While passing through Glendale, Utah, Kiwi spied a classic car boneyard that required a stop. The proprietor, a logger named Bill Spencer, had a quite diverse collection of still restorable iron that had Kiwi reaching for his checkbook. A 1958 Pontiac Chieftain "Safari" wagon was top on Kiwi's must-have list, but he was also drooling over a 1963 Mercury Meteor S33 and a 1961 Chevy Nomad wagon.
The overly nice Bill, who we later learned was also the town mayor, offered up a plethora of H2 questions that had us reaching for the press book. We offered him a test drive in return for his honest impression, which he essentially summed up as, "Despite being a big 4x4, it drives as good as a Cadillac!"
We very much wanted to see Arches National Park near Moab, but after hours of driving we realized that we were still nowhere near the location. With the sun getting close to the horizon we knew we needed to make good time, and so the accelerator was freely exercised. As we approached Green River, our fuel tank and our stomachs were knocking empty, so we pulled in for a gas/food stop that rivaled a NASCAR pit stop.
We finally entered Arches National Park just as the sun was setting and charted a direct course for the famed Delicate Arch. As bad luck would have it, after 425 miles of spirited driving young Stick-Boy was busted by a park ranger just 250 yards before our destination: "45 in a 35" was the charge, and Brian was seriously bummed. Besides a few edgy-looking silhouette snapshots of the Arch, we were forced to view the splendorous beauty of the wind-blown oddity by eye-balling the image on the face of our "Golden Eagle" National Park pass.
Later, we left the park under cover of coal-black skies laced with occasional lightning strikes. The flashes kept our rattled nerves on edge as they seemed hauntingly similar to the pesky strobe-illuminated "photo enforced" intersections Big Brother uses in our hometown of Los Angeles. Each time another lightning flash occurred, we reduced the H2's speed a few notches, fearing that we'd be again seeing the "rollers" in our rearview mirror.

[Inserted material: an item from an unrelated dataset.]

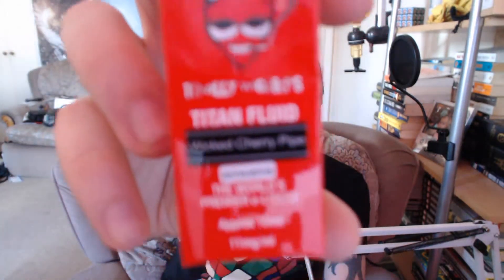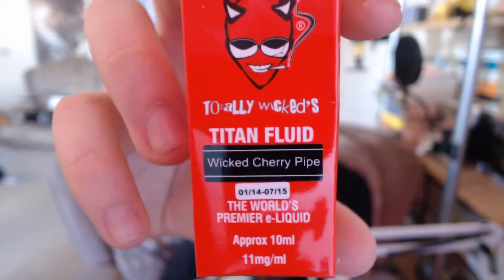So I can mix my own blends, which I want to look into doing a bit more, but I'm quite happy buying the pre-mixed stuff. The fluid I'm using in there is Classic Wicked Cherry Pipe Tobacco. It's an 11mg solution — it's a little weaker than what I like, but that's okay, I want to start off slowly. And of course you get the pipe itself.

Once back out on highway 70 we would have been making decent time, save for the onslaught of road construction that always seemed to have us stuck behind a slow-moving big-rig. We had originally planned on sleeping in Denver, but based on the fact that our eyes looked as red as a Georgia road map, we opted to set the e-brake in Vail, Colorado. The Chateau of Vail provided our sleep chamber for the evening and despite its somewhat spooky innards and musty carpeting, we were simply happy to flop down for a few hours of hibernation.